Large chunks of material had been blacked out and Carnivore's source code was missing, said officials at the Electronic Privacy Information Center (EPIC) in Washington.
EPIC recently filed a lawsuit against the FBI for not turning over documents related to the system -- which for counter-terrorism purposes sniffs through e-mail flowing through ISPs, and consequently has created a furore among privacy groups.
But the documents EPIC got hold of did paint a picture of Carnivore's history, noting that the system was originally dubbed Omnivore and got its start in early 1997 on a Solaris X86 computer.
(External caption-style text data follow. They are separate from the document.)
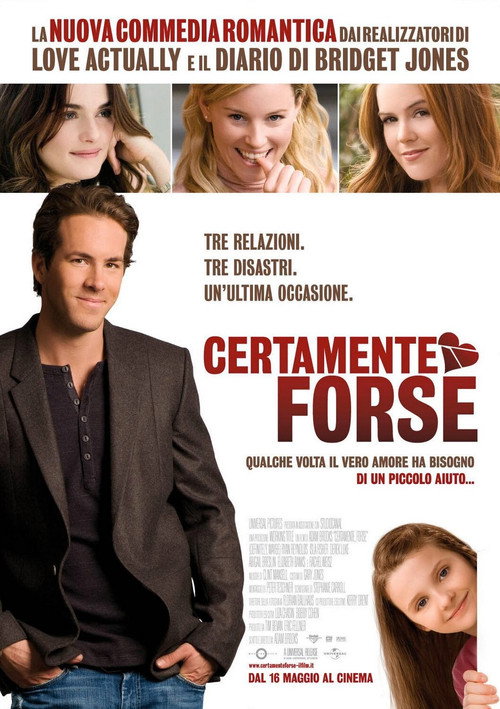 Certamente, forse (2008) Guarda lo streaming di film completo online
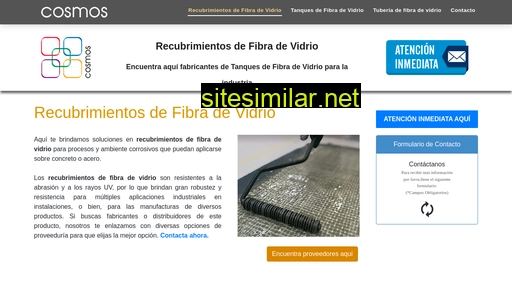 recubrimientosdefibradevidrio.com alternative sites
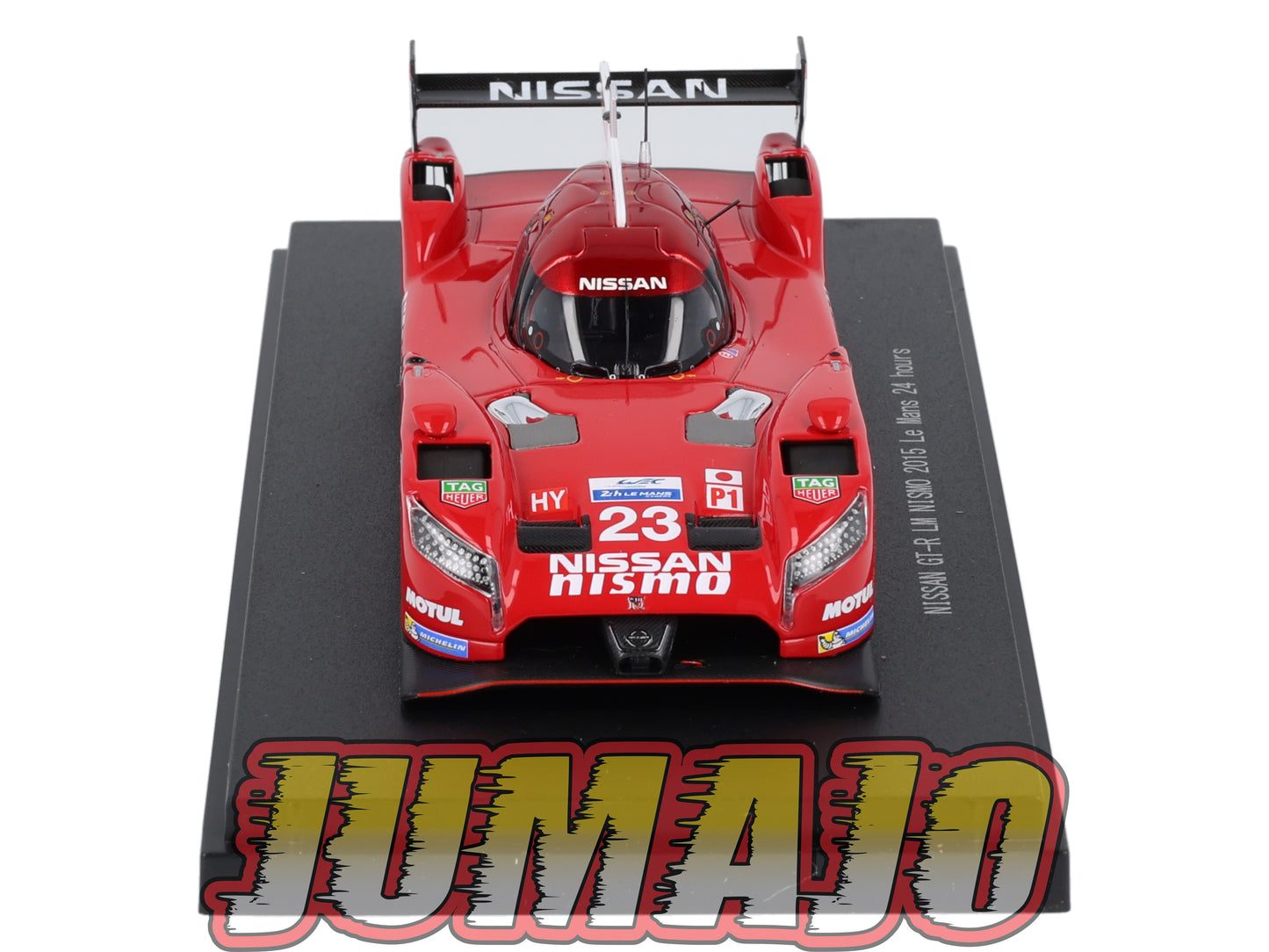 JPC15 voiture 1/43 EBBRO JAPON : NISSAN GT-R LM Nismo 2015 24H Mans #23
In June of last year, the system moved over to the Windows NT platform and became Carnivore.
EPIC also reported that the system has been used to intercept VoIP (voice over IP) data, according to the documents, which also detail performance and recovery incidents.
EPIC vowed to litigate further to get the FBI to turn over missing documents and Carnivore source code. The group claims that about 200 pages were kept entirely out of the material and twice that number of pages had been largely redacted.
EPIC got its hands on this first round of Carnivore material after the FBI was forced by a US judge to comply with the group's Freedom of Information Act (FOIA) request.
FBI officials told US District Judge James Robertson that the agency had 3,000 pages of material which would fall under the EPIC request but FBI officials provided no timeline for handing over that material, said EPIC.